= Assignment =
Each of the lines below must be restated exactly.

Records contained in a dataset:
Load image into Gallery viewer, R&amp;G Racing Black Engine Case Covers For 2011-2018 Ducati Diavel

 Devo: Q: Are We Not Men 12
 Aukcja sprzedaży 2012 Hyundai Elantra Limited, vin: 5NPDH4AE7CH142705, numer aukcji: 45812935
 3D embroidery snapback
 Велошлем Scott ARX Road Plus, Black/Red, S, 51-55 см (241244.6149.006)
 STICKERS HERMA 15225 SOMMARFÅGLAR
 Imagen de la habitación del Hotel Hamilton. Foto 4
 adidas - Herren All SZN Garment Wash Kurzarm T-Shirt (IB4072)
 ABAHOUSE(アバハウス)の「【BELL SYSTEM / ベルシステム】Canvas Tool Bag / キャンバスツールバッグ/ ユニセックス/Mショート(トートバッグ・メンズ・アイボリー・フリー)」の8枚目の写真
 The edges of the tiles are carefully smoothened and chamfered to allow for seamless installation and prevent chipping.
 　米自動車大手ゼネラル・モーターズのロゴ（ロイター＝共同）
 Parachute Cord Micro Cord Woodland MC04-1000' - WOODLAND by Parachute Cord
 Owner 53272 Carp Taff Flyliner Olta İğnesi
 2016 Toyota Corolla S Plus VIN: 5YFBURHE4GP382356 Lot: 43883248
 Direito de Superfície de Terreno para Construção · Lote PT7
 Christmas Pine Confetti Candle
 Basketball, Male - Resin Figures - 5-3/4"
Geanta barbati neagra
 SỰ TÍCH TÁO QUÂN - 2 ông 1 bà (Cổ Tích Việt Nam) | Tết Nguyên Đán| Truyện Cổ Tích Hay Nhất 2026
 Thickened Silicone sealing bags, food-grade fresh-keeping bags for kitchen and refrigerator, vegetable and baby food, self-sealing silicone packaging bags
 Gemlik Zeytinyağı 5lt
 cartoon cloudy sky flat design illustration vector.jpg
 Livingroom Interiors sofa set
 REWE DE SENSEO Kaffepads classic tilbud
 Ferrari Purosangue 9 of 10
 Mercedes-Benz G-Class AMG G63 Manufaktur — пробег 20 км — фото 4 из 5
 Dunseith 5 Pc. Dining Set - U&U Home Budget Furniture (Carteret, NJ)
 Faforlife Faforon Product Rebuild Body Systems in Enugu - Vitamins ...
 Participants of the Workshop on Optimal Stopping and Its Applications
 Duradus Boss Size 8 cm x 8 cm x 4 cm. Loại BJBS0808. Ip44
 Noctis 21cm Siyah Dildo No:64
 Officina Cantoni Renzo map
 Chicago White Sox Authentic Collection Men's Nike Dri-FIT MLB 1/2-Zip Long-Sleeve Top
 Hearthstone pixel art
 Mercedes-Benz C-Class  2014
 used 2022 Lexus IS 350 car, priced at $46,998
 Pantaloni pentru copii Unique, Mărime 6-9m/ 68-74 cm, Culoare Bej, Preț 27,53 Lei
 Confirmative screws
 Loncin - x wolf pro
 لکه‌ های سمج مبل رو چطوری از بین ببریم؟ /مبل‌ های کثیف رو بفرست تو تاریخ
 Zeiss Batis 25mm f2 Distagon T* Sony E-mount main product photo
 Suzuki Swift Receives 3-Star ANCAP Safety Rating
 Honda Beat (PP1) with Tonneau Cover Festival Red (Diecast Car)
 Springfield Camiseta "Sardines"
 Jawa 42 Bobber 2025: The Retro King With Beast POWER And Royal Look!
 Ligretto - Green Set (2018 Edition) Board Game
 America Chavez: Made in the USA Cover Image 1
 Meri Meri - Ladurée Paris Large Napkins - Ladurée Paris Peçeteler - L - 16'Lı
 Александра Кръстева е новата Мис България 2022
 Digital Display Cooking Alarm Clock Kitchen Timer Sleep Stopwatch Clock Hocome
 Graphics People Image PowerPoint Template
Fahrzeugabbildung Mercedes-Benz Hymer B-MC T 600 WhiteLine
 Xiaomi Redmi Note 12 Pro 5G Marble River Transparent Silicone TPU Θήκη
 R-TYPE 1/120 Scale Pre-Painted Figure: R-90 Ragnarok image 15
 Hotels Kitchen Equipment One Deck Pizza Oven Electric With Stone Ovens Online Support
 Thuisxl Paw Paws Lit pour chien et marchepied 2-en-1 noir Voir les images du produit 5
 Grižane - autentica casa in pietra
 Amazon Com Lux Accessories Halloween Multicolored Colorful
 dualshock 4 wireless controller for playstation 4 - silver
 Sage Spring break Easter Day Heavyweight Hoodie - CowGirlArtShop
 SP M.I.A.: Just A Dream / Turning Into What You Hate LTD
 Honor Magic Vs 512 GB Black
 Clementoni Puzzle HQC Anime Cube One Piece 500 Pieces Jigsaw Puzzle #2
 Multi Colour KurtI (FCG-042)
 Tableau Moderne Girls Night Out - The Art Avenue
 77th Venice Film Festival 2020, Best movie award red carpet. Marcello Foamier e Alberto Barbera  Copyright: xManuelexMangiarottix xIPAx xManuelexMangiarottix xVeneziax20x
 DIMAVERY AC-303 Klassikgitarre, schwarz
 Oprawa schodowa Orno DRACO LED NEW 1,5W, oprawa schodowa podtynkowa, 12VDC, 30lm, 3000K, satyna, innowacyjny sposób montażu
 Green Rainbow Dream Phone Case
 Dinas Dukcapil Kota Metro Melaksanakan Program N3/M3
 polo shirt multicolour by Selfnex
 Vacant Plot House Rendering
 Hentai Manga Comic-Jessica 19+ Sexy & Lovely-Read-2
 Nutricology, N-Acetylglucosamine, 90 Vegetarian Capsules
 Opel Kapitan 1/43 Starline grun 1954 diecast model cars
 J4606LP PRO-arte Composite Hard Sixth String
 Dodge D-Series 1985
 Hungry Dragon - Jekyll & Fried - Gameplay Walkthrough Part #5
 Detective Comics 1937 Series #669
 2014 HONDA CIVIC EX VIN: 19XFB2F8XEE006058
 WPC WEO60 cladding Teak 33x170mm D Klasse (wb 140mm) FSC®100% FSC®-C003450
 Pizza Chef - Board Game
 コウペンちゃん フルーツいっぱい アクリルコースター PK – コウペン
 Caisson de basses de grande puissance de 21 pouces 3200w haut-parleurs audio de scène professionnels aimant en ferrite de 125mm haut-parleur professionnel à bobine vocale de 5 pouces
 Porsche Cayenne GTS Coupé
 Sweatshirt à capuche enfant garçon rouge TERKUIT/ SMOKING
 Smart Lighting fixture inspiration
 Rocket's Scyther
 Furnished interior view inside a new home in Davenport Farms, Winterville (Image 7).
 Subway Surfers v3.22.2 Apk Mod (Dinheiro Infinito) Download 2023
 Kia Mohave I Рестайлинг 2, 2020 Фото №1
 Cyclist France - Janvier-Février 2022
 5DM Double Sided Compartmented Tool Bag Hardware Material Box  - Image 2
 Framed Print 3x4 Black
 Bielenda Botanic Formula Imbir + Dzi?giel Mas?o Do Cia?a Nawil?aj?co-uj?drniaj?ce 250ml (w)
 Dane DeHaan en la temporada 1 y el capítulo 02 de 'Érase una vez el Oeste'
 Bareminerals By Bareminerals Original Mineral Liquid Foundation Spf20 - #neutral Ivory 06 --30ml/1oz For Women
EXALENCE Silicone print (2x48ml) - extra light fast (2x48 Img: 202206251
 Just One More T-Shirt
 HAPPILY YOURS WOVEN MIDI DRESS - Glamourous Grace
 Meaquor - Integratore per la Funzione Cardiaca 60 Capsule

= Solution to the exercise =
Load image into Gallery viewer, R&amp;G Racing Black Engine Case Covers For 2011-2018 Ducati Diavel

 Devo: Q: Are We Not Men 12
 Aukcja sprzedaży 2012 Hyundai Elantra Limited, vin: 5NPDH4AE7CH142705, numer aukcji: 45812935
 3D embroidery snapback
 Велошлем Scott ARX Road Plus, Black/Red, S, 51-55 см (241244.6149.006)
 STICKERS HERMA 15225 SOMMARFÅGLAR
 Imagen de la habitación del Hotel Hamilton. Foto 4
 adidas - Herren All SZN Garment Wash Kurzarm T-Shirt (IB4072)
 ABAHOUSE(アバハウス)の「【BELL SYSTEM / ベルシステム】Canvas Tool Bag / キャンバスツールバッグ/ ユニセックス/Mショート(トートバッグ・メンズ・アイボリー・フリー)」の8枚目の写真
 The edges of the tiles are carefully smoothened and chamfered to allow for seamless installation and prevent chipping.
 　米自動車大手ゼネラル・モーターズのロゴ（ロイター＝共同）
 Parachute Cord Micro Cord Woodland MC04-1000' - WOODLAND by Parachute Cord
 Owner 53272 Carp Taff Flyliner Olta İğnesi
 2016 Toyota Corolla S Plus VIN: 5YFBURHE4GP382356 Lot: 43883248
 Direito de Superfície de Terreno para Construção · Lote PT7
 Christmas Pine Confetti Candle
 Basketball, Male - Resin Figures - 5-3/4"
Geanta barbati neagra
 SỰ TÍCH TÁO QUÂN - 2 ông 1 bà (Cổ Tích Việt Nam) | Tết Nguyên Đán| Truyện Cổ Tích Hay Nhất 2026
 Thickened Silicone sealing bags, food-grade fresh-keeping bags for kitchen and refrigerator, vegetable and baby food, self-sealing silicone packaging bags
 Gemlik Zeytinyağı 5lt
 cartoon cloudy sky flat design illustration vector.jpg
 Livingroom Interiors sofa set
 REWE DE SENSEO Kaffepads classic tilbud
 Ferrari Purosangue 9 of 10
 Mercedes-Benz G-Class AMG G63 Manufaktur — пробег 20 км — фото 4 из 5
 Dunseith 5 Pc. Dining Set - U&U Home Budget Furniture (Carteret, NJ)
 Faforlife Faforon Product Rebuild Body Systems in Enugu - Vitamins ...
 Participants of the Workshop on Optimal Stopping and Its Applications
 Duradus Boss Size 8 cm x 8 cm x 4 cm. Loại BJBS0808. Ip44
 Noctis 21cm Siyah Dildo No:64
 Officina Cantoni Renzo map
 Chicago White Sox Authentic Collection Men's Nike Dri-FIT MLB 1/2-Zip Long-Sleeve Top
 Hearthstone pixel art
 Mercedes-Benz C-Class  2014
 used 2022 Lexus IS 350 car, priced at $46,998
 Pantaloni pentru copii Unique, Mărime 6-9m/ 68-74 cm, Culoare Bej, Preț 27,53 Lei
 Confirmative screws
 Loncin - x wolf pro
 لکه‌ های سمج مبل رو چطوری از بین ببریم؟ /مبل‌ های کثیف رو بفرست تو تاریخ
 Zeiss Batis 25mm f2 Distagon T* Sony E-mount main product photo
 Suzuki Swift Receives 3-Star ANCAP Safety Rating
 Honda Beat (PP1) with Tonneau Cover Festival Red (Diecast Car)
 Springfield Camiseta "Sardines"
 Jawa 42 Bobber 2025: The Retro King With Beast POWER And Royal Look!
 Ligretto - Green Set (2018 Edition) Board Game
 America Chavez: Made in the USA Cover Image 1
 Meri Meri - Ladurée Paris Large Napkins - Ladurée Paris Peçeteler - L - 16'Lı
 Александра Кръстева е новата Мис България 2022
 Digital Display Cooking Alarm Clock Kitchen Timer Sleep Stopwatch Clock Hocome
 Graphics People Image PowerPoint Template
Fahrzeugabbildung Mercedes-Benz Hymer B-MC T 600 WhiteLine
 Xiaomi Redmi Note 12 Pro 5G Marble River Transparent Silicone TPU Θήκη
 R-TYPE 1/120 Scale Pre-Painted Figure: R-90 Ragnarok image 15
 Hotels Kitchen Equipment One Deck Pizza Oven Electric With Stone Ovens Online Support
 Thuisxl Paw Paws Lit pour chien et marchepied 2-en-1 noir Voir les images du produit 5
 Grižane - autentica casa in pietra
 Amazon Com Lux Accessories Halloween Multicolored Colorful
 dualshock 4 wireless controller for playstation 4 - silver
 Sage Spring break Easter Day Heavyweight Hoodie - CowGirlArtShop
 SP M.I.A.: Just A Dream / Turning Into What You Hate LTD
 Honor Magic Vs 512 GB Black
 Clementoni Puzzle HQC Anime Cube One Piece 500 Pieces Jigsaw Puzzle #2
 Multi Colour KurtI (FCG-042)
 Tableau Moderne Girls Night Out - The Art Avenue
 77th Venice Film Festival 2020, Best movie award red carpet. Marcello Foamier e Alberto Barbera  Copyright: xManuelexMangiarottix xIPAx xManuelexMangiarottix xVeneziax20x
 DIMAVERY AC-303 Klassikgitarre, schwarz
 Oprawa schodowa Orno DRACO LED NEW 1,5W, oprawa schodowa podtynkowa, 12VDC, 30lm, 3000K, satyna, innowacyjny sposób montażu
 Green Rainbow Dream Phone Case
 Dinas Dukcapil Kota Metro Melaksanakan Program N3/M3
 polo shirt multicolour by Selfnex
 Vacant Plot House Rendering
 Hentai Manga Comic-Jessica 19+ Sexy & Lovely-Read-2
 Nutricology, N-Acetylglucosamine, 90 Vegetarian Capsules
 Opel Kapitan 1/43 Starline grun 1954 diecast model cars
 J4606LP PRO-arte Composite Hard Sixth String
 Dodge D-Series 1985
 Hungry Dragon - Jekyll & Fried - Gameplay Walkthrough Part #5
 Detective Comics 1937 Series #669
 2014 HONDA CIVIC EX VIN: 19XFB2F8XEE006058
 WPC WEO60 cladding Teak 33x170mm D Klasse (wb 140mm) FSC®100% FSC®-C003450
 Pizza Chef - Board Game
 コウペンちゃん フルーツいっぱい アクリルコースター PK – コウペン
 Caisson de basses de grande puissance de 21 pouces 3200w haut-parleurs audio de scène professionnels aimant en ferrite de 125mm haut-parleur professionnel à bobine vocale de 5 pouces
 Porsche Cayenne GTS Coupé
 Sweatshirt à capuche enfant garçon rouge TERKUIT/ SMOKING
 Smart Lighting fixture inspiration
 Rocket's Scyther
 Furnished interior view inside a new home in Davenport Farms, Winterville (Image 7).
 Subway Surfers v3.22.2 Apk Mod (Dinheiro Infinito) Download 2023
 Kia Mohave I Рестайлинг 2, 2020 Фото №1
 Cyclist France - Janvier-Février 2022
 5DM Double Sided Compartmented Tool Bag Hardware Material Box  - Image 2
 Framed Print 3x4 Black
 Bielenda Botanic Formula Imbir + Dzi?giel Mas?o Do Cia?a Nawil?aj?co-uj?drniaj?ce 250ml (w)
 Dane DeHaan en la temporada 1 y el capítulo 02 de 'Érase una vez el Oeste'
 Bareminerals By Bareminerals Original Mineral Liquid Foundation Spf20 - #neutral Ivory 06 --30ml/1oz For Women
EXALENCE Silicone print (2x48ml) - extra light fast (2x48 Img: 202206251
 Just One More T-Shirt
 HAPPILY YOURS WOVEN MIDI DRESS - Glamourous Grace
 Meaquor - Integratore per la Funzione Cardiaca 60 Capsule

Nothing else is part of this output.